Envie, ressentiment, mépris sont prédominants dans les sociétés qui s’effondrent, disais-je dans un précédent article. J’aurais pu ajouter : inaptitude à voir le monde en dépassant ses propres préjugés.
Parce qu’elle est à nos portes et veut entrer dans l’Europe, nous prenons vis-à-vis de la Turquie des attitudes de xénophobie sans fondements rationnels. Géographiquement, la Turquie ne serait pas en Europe, mais l’île de Chypre, située au Sud de l’Anatolie centrale, elle, serait pleinement européenne (parce qu’elle est peuplée majoritairement de grecs orthodoxes sans doute), divers pays situés sur le flanc nord de la Turquie auraient, eux aussi, vocation à entrer dans l’Europe.
Ceux qui voient que l’argument géographique ne tient guère puisque l’Europe n’est, après tout qu’un appendice géographique de l’Asie, reportent leurs arguments sur le terrain culturel et religieux : la Turquie est essentiellement musulmane et pas de culture européenne. Se souvient-on qu’au XIXe siècle, l’empire ottoman était appelée « l’homme malade de l’Europe », pas « l’homme malade à l’extérieur de l’Europe » ? Et discerne-t-on, en parlant religion, que l’islam est en Europe : la Bosnie doit-elle être exclue définitivement ? Certains auraient-ils souhaité, par haine anti-musulmane, que le national-socialiste Milosevic achève le travail ?
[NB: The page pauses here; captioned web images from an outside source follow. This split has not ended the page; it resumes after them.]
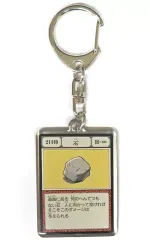 2025年最新】冨樫義博展 グリードアイランドの人気アイテム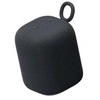 Image de Enceinte Bluetooth LinkBuds Noir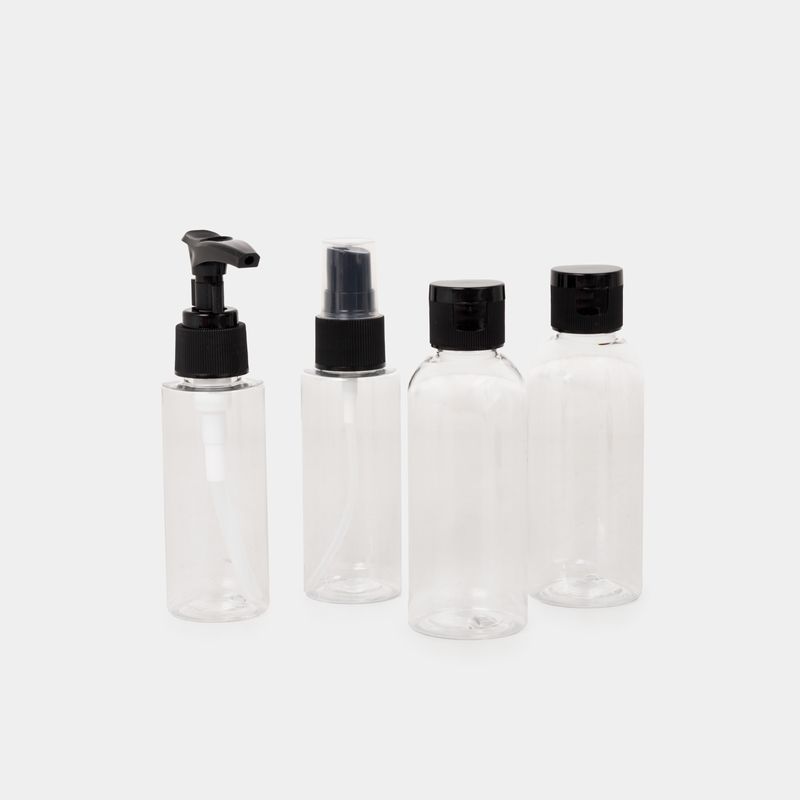 kit-de-recipientes-para-viaje-x8-piezas-con-estuche-6-7701016789073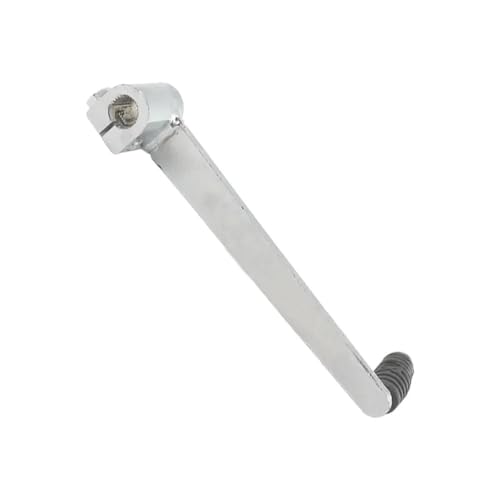 Levier de frein et d'embrayage universel 11mm haute durabilité pour VTT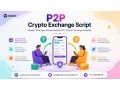 launch-your-own-p2p-crypto-exchange-platform-small-0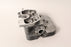 Genuine Kawasaki 11008-0937 Cylinder Head # 2 Fits Specific FX751V FX801V FX850V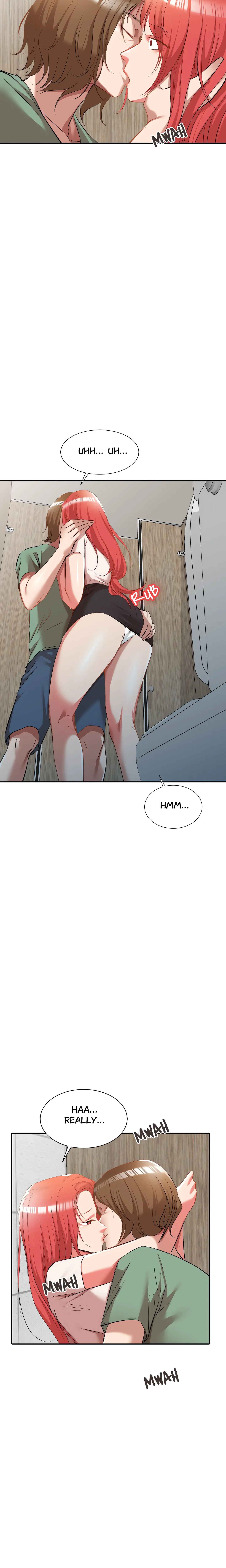 Chapter 26, page 4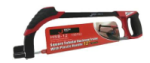Hack Saw (With Blade)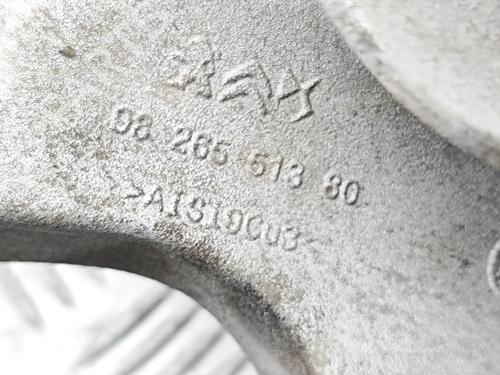 Engine mount OPEL COMBO E Tour / Life (K9) Combo-e | BP38050395M89  - Image 6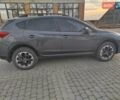 Серый Субару Crosstrek, объемом двигателя 2 л и пробегом 55 тыс. км за 15800 $, фото 11 на Automoto.ua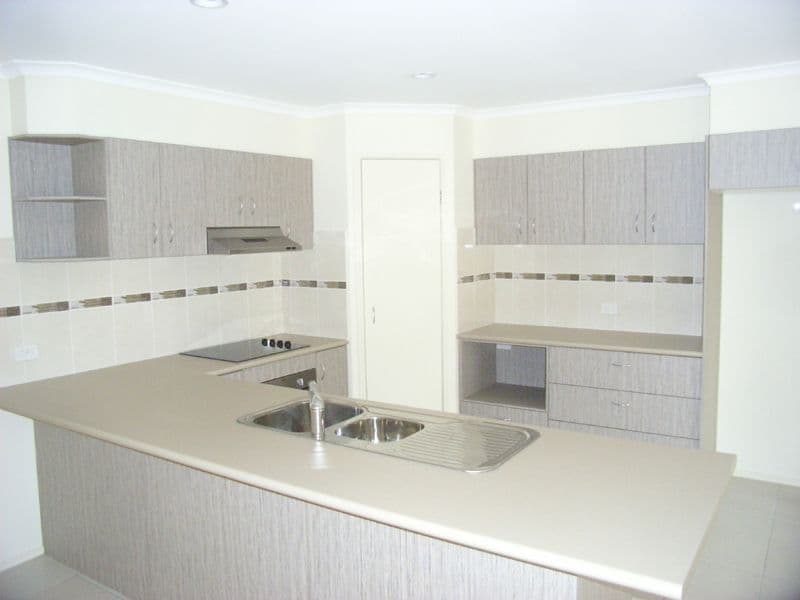 NAMBOUR QLD 4560, Nambour - Thumbnail 4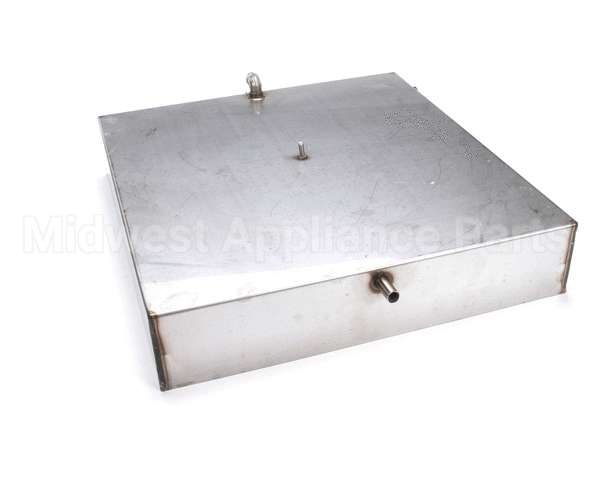 01068AG89 Winston Evaporator Tank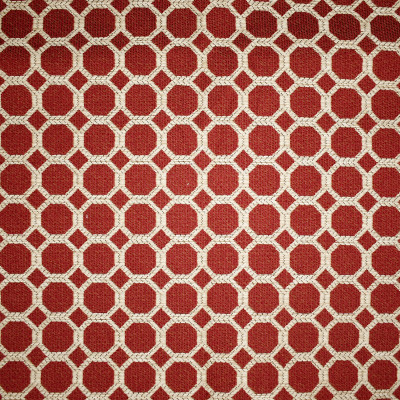 F4106 Merlot Fabric: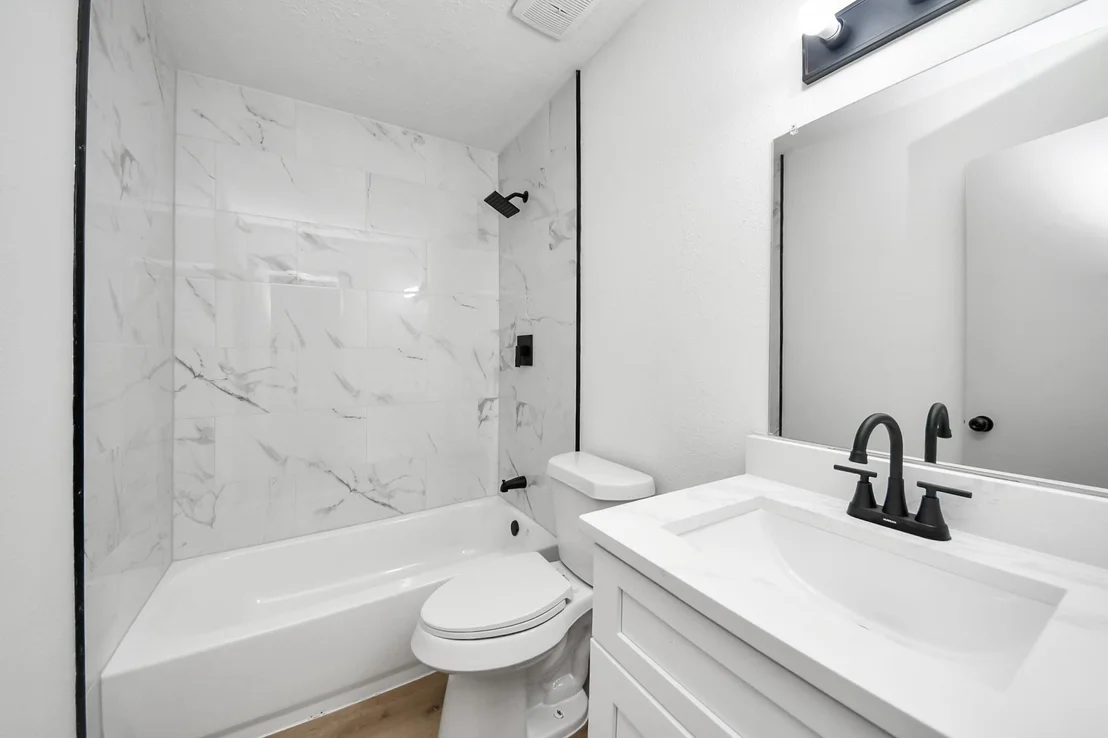 Photo of 10915 Berry Tree Drive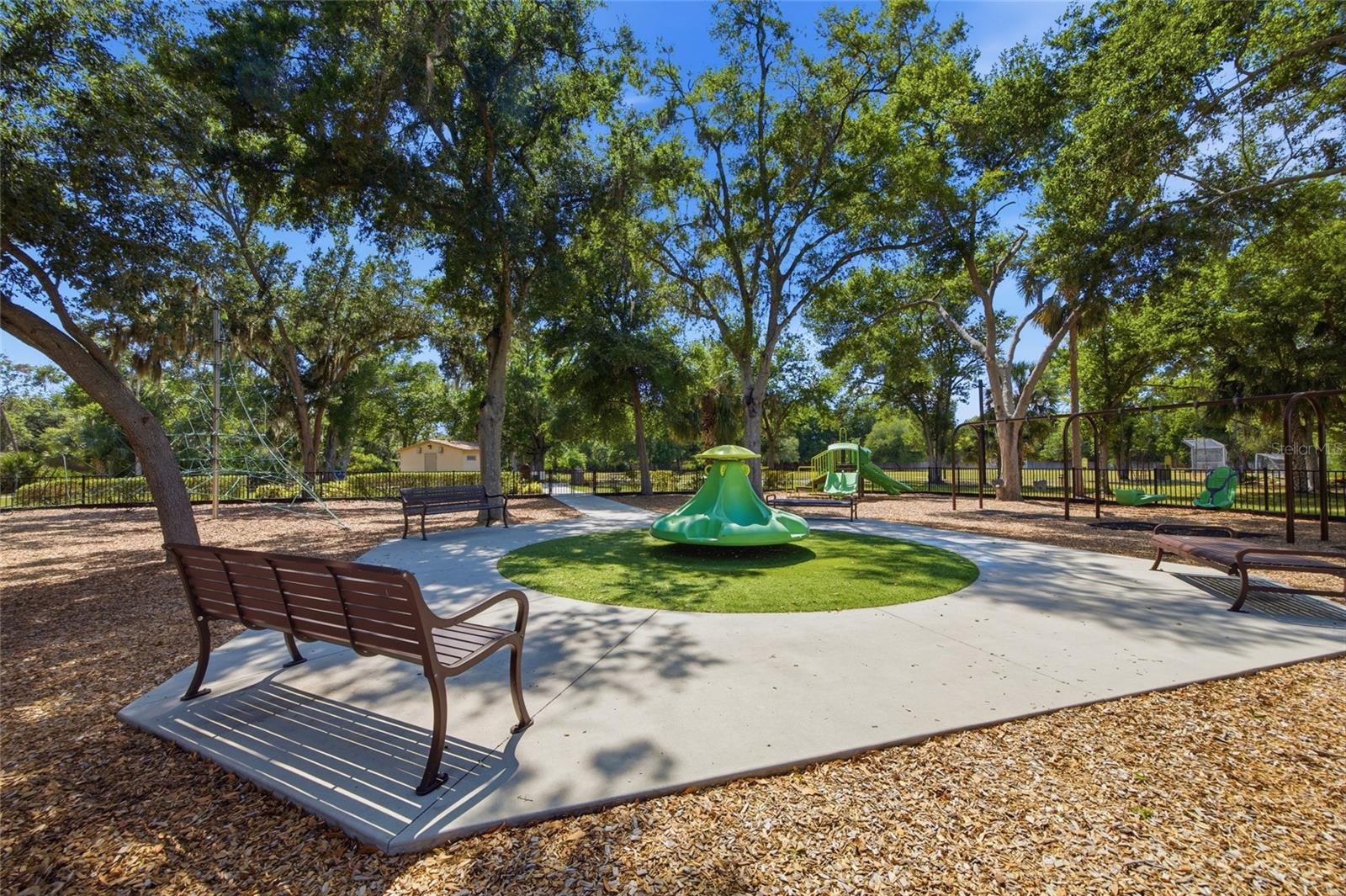 LAKE ST CHARLES UNIT 8 - Residential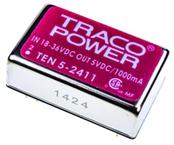 TEN5-2411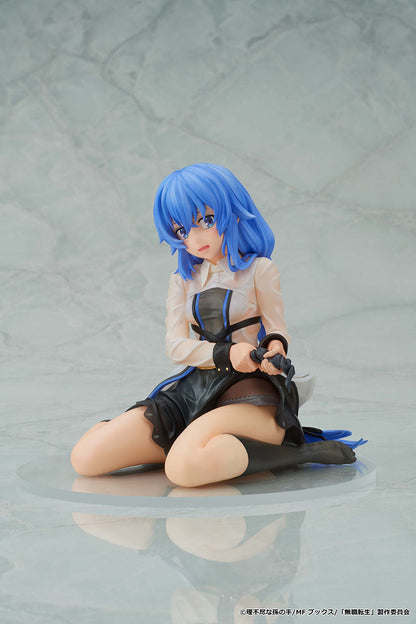 Roxy Migurdia - water splash Ver. - Mushoku Tensei: Jobless Reincarnation - Sol International - Anime Figuren günstig kaufen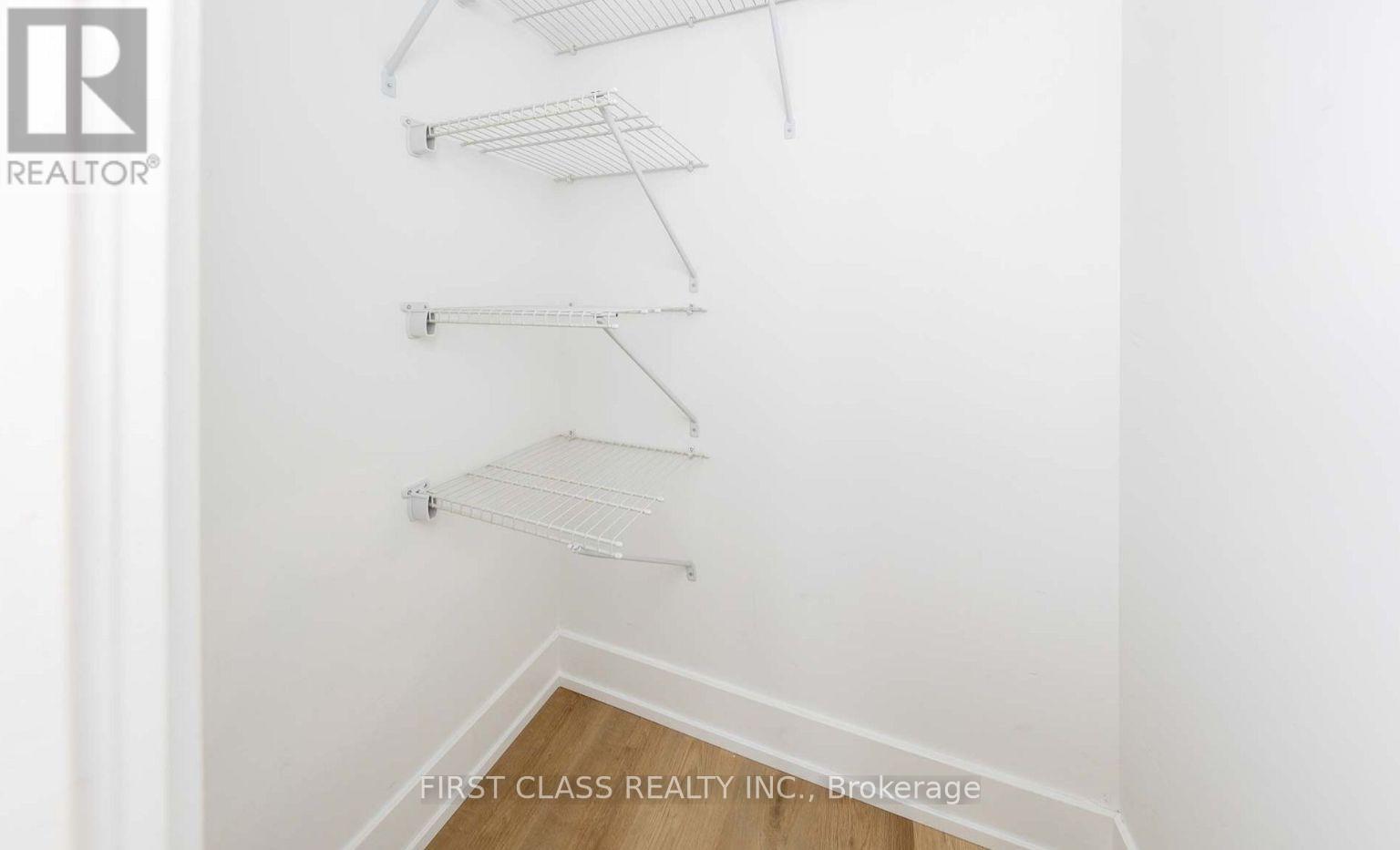 5305 - 7 Grenville Street, Toronto, Ontario  M4Y 1A1 - Photo 7 - C13412592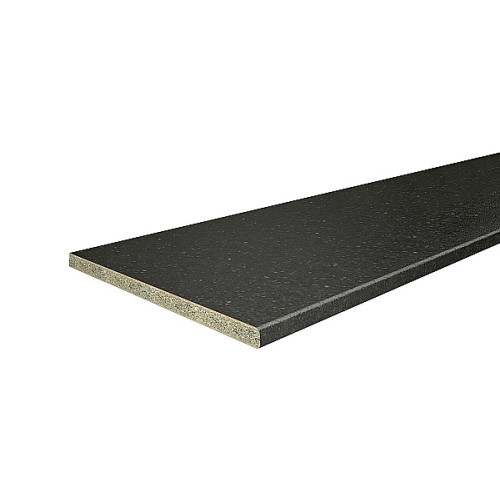 СТОЛЕШНИЦА HARD-38U Олимп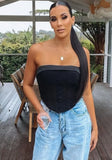 Shape Crop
Dans des pays comme la France, la proportion représentée par les musulmans ne cesse et ne cessera de monter, en raison de notre natalité asthénique. Il est trop tard pour espérer faire de l’Europe un club chrétien. Il est illusoire de vouloir faire de l’Europe une forteresse Europe, car nous n’en avons plus les moyens policiers et militaires.
Faire de l’Europe une puissance rivale des États-Unis est un rêve vain pour analphabète économique. Depuis le 29 mai, au moins, nous savons que l’Europe ne sera pas une technostructure bureaucratique unifiée, il nous reste à comprendre que l’Europe ne peut pas être un bloc politique et juridique, mais un ensemble de synergies économiques qui reste à assouplir encore, et que, dans la perspective des synergies économiques, notre salut passe par la synergie avec les États-Unis, qui ont fondamentalement les mêmes valeurs que nous, davantage qu’avec des liens frelatés avec la Chine, l’Iran, ou divers régimes arabes douteux.
Il nous reste à comprendre que l’Europe peut encore avoir un sens par ces synergies, mais qu’il lui faut pour cela retrouver du dynamisme économique et faire son deuil d’un modèle social qui n’en est pas un, puisque personne ne veut l’imiter. Il nous reste à comprendre que dans ce monde de synergies, la Turquie est un partenaire économique important de l’Europe et un acteur essentiel des synergies économiques au Proche-Orient.
Il nous reste à comprendre que militairement la Turquie reste un acteur clé des synergies militaires occidentales. Il nous faut comprendre aussi que l’islam n’est pas un bloc : l’islam arabe n’est pas l’islam turc, le sunnisme du monde arabe est érodé par l’islam militant, en Turquie, les alévis constituent une forte minorité vecteur de modération, la séparation de la religion et de l’État est chose accomplie depuis huit décennies.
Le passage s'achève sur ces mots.